O crime de corrupção passiva é tipificado pelo Código Penal, em seu artigo 317, como “solicitar ou receber, para si ou para outros, direta ou indiretamente, ainda que fora da função ou antes de assumi-la, mas em razão dela, vantagem indevida, ou aceitar promessa de tal vantagem. ”

Segundo a denúncia apresentada por Janot, Procurador-Geral da República, Temer vinha recebendo propina por parte da JBS para que a empresa fosse favorecida no Conselho Administrativo de Defesa Econômica (CADE), com o objetivo de viabilizar um contrato de fornecimento de gás com a Petrobras à uma termelétrica da empresa.

O Presidente da República poderá ser processado por quais crimes?

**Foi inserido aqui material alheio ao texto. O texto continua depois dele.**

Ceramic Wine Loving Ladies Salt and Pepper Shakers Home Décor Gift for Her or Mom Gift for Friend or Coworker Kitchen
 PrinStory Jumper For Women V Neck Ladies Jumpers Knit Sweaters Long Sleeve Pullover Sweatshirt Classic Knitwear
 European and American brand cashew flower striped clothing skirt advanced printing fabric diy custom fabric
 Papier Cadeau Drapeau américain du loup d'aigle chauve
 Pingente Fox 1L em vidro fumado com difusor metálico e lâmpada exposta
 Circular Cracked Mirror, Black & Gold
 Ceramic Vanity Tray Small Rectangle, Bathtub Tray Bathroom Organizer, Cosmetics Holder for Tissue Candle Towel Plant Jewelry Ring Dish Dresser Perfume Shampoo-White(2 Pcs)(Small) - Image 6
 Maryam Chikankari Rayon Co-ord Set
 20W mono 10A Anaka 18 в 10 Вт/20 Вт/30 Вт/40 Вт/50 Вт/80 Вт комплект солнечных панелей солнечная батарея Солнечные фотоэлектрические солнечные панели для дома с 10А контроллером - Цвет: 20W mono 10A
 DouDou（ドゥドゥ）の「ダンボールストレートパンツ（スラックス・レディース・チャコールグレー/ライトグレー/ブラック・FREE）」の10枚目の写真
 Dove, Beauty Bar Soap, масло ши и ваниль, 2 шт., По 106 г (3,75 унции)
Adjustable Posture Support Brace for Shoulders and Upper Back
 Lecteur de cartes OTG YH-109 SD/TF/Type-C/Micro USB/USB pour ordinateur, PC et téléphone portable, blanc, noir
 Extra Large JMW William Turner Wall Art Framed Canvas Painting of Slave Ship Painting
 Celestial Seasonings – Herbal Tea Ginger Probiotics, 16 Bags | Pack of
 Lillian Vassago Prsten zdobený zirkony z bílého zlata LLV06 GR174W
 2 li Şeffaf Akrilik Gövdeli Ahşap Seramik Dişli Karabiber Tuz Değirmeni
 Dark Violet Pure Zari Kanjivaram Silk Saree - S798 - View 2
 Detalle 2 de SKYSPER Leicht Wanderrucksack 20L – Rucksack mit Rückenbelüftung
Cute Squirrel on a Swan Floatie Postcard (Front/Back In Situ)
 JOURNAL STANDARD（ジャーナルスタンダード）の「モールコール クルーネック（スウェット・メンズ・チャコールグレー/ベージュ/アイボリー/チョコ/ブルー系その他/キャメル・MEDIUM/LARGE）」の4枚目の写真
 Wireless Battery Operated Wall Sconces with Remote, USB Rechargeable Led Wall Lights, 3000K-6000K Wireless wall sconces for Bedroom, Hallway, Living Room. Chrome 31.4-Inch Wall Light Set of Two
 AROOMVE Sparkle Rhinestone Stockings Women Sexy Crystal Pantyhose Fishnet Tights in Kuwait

De acordo com a Constituição Federal de 1988, artigo 86, o presidente da república pode ser processado por crimes de responsabilidade (julgamento pelo Senado) e por crimes comuns (julgamento pelo STF). O caso em questão trata-se de crime comum. Conforme entendimento do Supremo Tribunal Federal, crime comum abrange “todas as modalidades de infrações penais, estendendo-se aos delitos eleitorais, alcançando até mesmo os crimes contra a vida e as próprias contravenções penais.”

Ademais, quem tem legitimidade para interpor a denúncia é o Procurador-Geral da República.

Entendendo a tramitação

Recebida a denúncia no Supremo, para que esta seja analisada, é necessário a prévia autorização pela Câmara dos Deputados. Para isso, conta-se com os votos de dois terços do total de deputados, ou seja, 342 deputados. Sendo admitida a acusação, é autorizada a instauração do processo no poder judiciário. Sendo rejeitada, o STF fica impossibilitado de dar prosseguimento à ação, ficando suspensa.

Com a aceitação e o prosseguimento da denúncia, o STF vota para decidir se o presidente vira réu, podendo vir a ser afastado de suas funções por 180 dias. Após o julgamento definitivo pela Suprema Corte, o presidente será condenado com a perda dos direitos políticos e do mandato.